I've been looking at the Sony Gradient Map, but it seems to generate a gradient from dark to light over the whole picture evenly. What I'm looking for is a way to darken a bright sky without darkening the landscape beneath it - the same thing you'd get using a gradient filter in front of the camera lens.
Former user
wrote on 1/19/2006, 7:29 AM
Just add a color gradient generated media clip on a track above the video clip and set a few control points (the two lowest points to Alpha 0% to make them transparent) to create a grad lens filter effect.
. . circular Pola is a bit of problem though! . . .
Just use the Vegas CP plug-in.
It uses a worm hole to go back in time and put a circular polarizer on your lens.
:O)
I have been using polarizers since the early 70s, they really can do a lot of totally very different great things.

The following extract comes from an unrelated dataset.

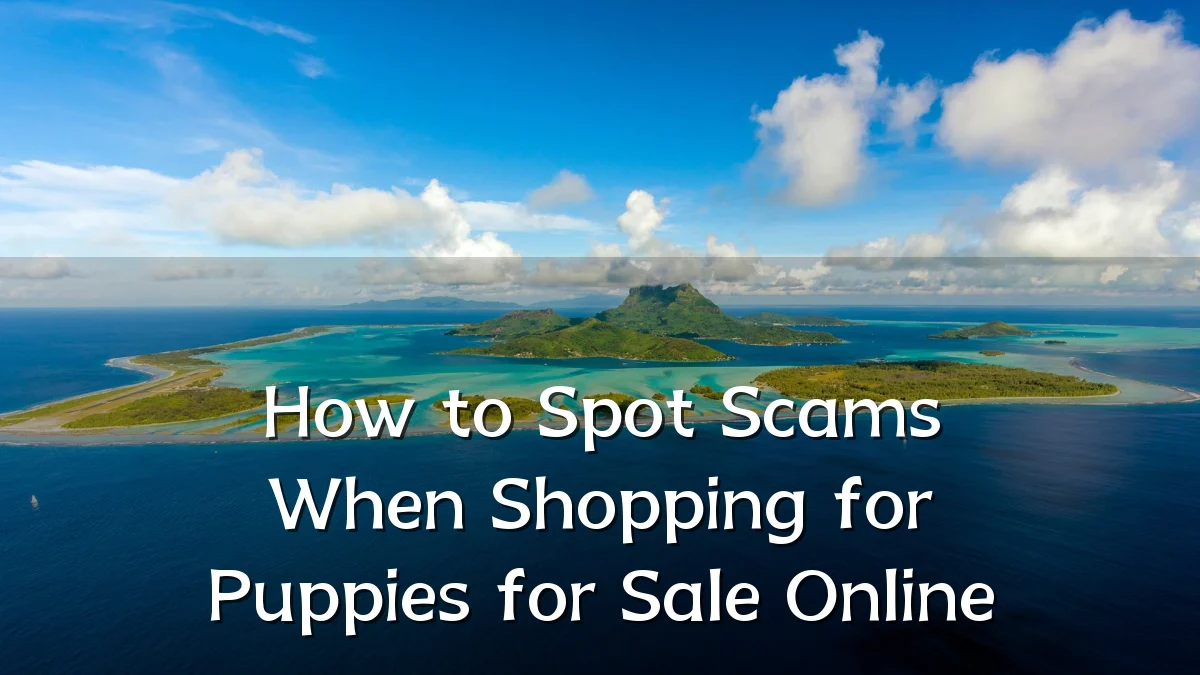 How to Spot Scams When Shopping for Puppies for Sale Online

Note though that there is a big practical difference between a $50 Tiffen CP and a $250-300 B+W CP.
I was a bit surprised that the difference was visible even to the naked eye, and even more surprised that there was a difference when shooting miniDV (with a Canon XL1).
The B+W is a lot thinner than the Tiffen, this adds significantly to the manufacturing cost and is one of the major factors in increasing the optical quality.
Main use for me have been to increase saturation in sunny outdoor scenes. 2nd as a free extra ND filter at other times.
Very occasionally I also used them to remove the reflections that most people pull out polarizers for, but they don't always work for that.
i like the jim beam spots where they use gradients as an effect, like a worn out old film look (oranges and little yellows over images). i can accomplish this simply by making the layer 'add' with a gradient 3 tone color scheme, and things can look pretty interesting.
If you just want to darken the sky and assuming your sky is all blue use a Chroma Key FX to generate an garbage matte, fiddle with the matte and the compositing mode and you can make JUST the sky darker or even replace your clear blue sky with storm clouds. This is much more effective that a grad filter which cannot differentiate between sky and ground which makes them pretty easy to pick when they're used unless you have a flat horizon.
Now the thing you should know, none of these tricks in post are anywhere near as good as using real filters in front of the lens.
DV and even film has a limited latitude, using filters in front of the lens lets you control the contrast of a scene so part of it isn't scrunched by the limited latitude of the recording medium.
The Color Corrector (Secondary) is like the Chroma Key and Color Corrector filter combined into one.
You can mask out just the blue of the sky and darken it. Lower gain to darken things. You can play around with the saturation slider... setting saturation equal to gain will keep "saturation" the same (the Color corrector's saturation control is really a chroma control, and the gain control a luma control). Anyways, making both settings the same will keep saturation the same.